### PROBLEM TO SOLVE
Although the data below contains pictures, output only the lines between those holding "You can actually" and "Hey everybody. I've", inclusive, exactly and without those pictures.

Start of DATA TO USE

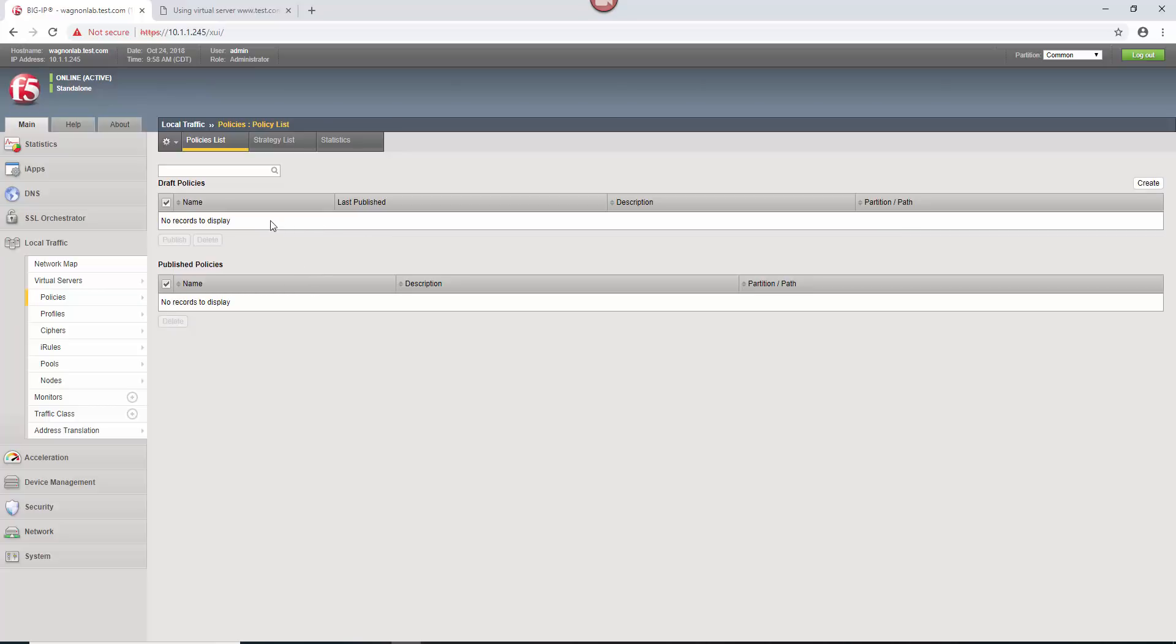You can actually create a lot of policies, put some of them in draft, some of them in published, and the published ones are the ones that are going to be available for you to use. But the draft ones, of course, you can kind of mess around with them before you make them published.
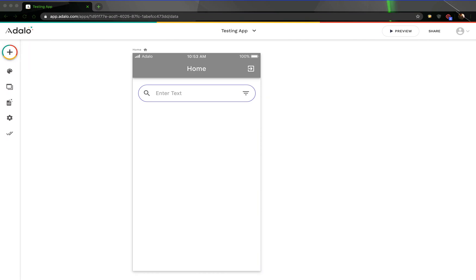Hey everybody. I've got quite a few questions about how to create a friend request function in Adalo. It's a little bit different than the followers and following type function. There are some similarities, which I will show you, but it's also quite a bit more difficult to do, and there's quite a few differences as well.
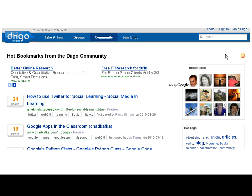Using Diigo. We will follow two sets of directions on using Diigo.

End of DATA TO USE
Start of DATA TO USE

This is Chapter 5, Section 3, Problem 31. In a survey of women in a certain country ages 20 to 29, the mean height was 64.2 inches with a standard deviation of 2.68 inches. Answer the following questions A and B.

End of DATA TO USE

### WRITTEN ANSWER
You can actually create a lot of policies, put some of them in draft, some of them in published, and the published ones are the ones that are going to be available for you to use. But the draft ones, of course, you can kind of mess around with them before you make them published.
Hey everybody. I've got quite a few questions about how to create a friend request function in Adalo. It's a little bit different than the followers and following type function. There are some similarities, which I will show you, but it's also quite a bit more difficult to do, and there's quite a few differences as well.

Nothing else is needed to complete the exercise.